For this Recording the specific setting chosen were:

• Gain: off
• Format: wav
• Sample rate: 48 kHz

The program I used to analyze the sweep was Oceanaudio. I analyzed a 15 second recording on FFT with a linear scale.

At first, I used my BOSE speaker to record the sine sweep with my phone about a foot from the microphone (The volume of the speaker was actually pretty loud). After using Oceanaudio to analyze the recording I got this:

[could not manage to uplaod graph]

According to the FFT analysis, we can see that the frequency response of built-in Iphone 6s microphone (bottom one) seems to be not very flat at all after passing the 1kHz mark. Before then, the frequency response is quite flat. However, after passing the 10k Hz range there are significant dips in the frequencies (for example at 6kHz, 8.5 kHz or 11 kHz, etc…). I wanted to try recording again but at a closer distance of the phone to the source to see if the dips were caused by outside faint sounds.

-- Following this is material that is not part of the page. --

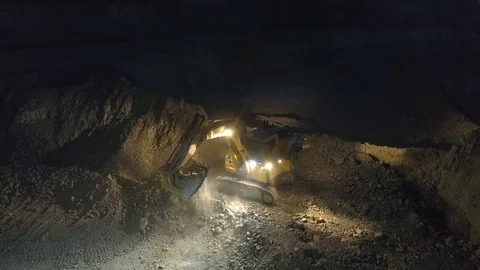 View of a pit on extraction of ore, work, a night shift Stock-Footage 96477108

I did another recording, this time putting my phone between by Sennheiser headphones so that the Iphone 6s microphone could be as close as possible to the source. This time the FFT analysis provided this:

[could not manage to uplaod graph]

Here we see by actually moving the phone closer the frequency response of the sweep is flatter from 100 Hz to 9kHz but dips down significantly after 10kHz.

Report

The Iphone 6s is an older Iphone model which does not reproduce sound as well as the newer models and as other phones, when recording at a distance it is inaccurate. It does however reproduce sound very well when the sound is very close and in the 10 Hz to 10 kHz range. This shows how the Iphone 6s is not a phone meant to record music or singing, it is strictly a phone created to talk and used to call and clearly hear people on phone calls (speech is very much in the 10 Hz to10kHz rang. This all makes sense for an older model Iphone giving up microphone recording capabilities at various frequencies in order to capitalize on the frequencies used to communicate through phone calls.

The iPhone SE (2020)

My iPhone SE has two built-in microphones (one at the top, and one at the bottom) and stereo playback. The bit depth is 24 bits and it has 48 kHz playback. Interestingly, “left and right channels are inverted when playing back music in landscape mode” (dxomark.com).

Finding an App

I found “Voice Record Pro” on https://www.popsci.com/record-better-smartphone-audio/, an app that allows both manual gain control and an option to enable iOS’s automatic gain control. Before starting a recording, it allows you to set various settings such as sample rate, bit depth (max. 32 bits), channels (ex. stereo), encode quality, and record format (the last of which include .mp3, .mp4, and .wav, among others). In addition to the settings shown in the first picture (below, left), there is an additional screen of settings so that the user can customize their experience (below, right).

      

I was also considering Spire, which had good reviews on the App Store. In addition, an article described the gain input as adjustable, but I wasn’t able to find the setting on the app. Overall, Spire has a sleeker interface but fewer options for audio settings, so I used Voice Record Pro.

Recording + Analysis

I recorded in two locations: my suite’s common room (with the windows and doors closed to minimize background noise; has some furniture but overall pretty bare) and my closet (very small; has a good amount of clothes hanging). In the common room, I had three distances: near (phone right next to the computer, with the bottom of the phone closest to the computer speaker); medium (phone and computer about 2/3 of the width of the room away); and far (maximum distance away in the common room – computer in one corner on the floor, and phone in the opposite corner on a high shelf). In the closet, I had two distances: near (defined same as the common room) and medium (defined as the common room’s “far” – in two opposite corners; I called it medium because the distance between the phone and computer was significantly shorter than the “far” I used in the common room).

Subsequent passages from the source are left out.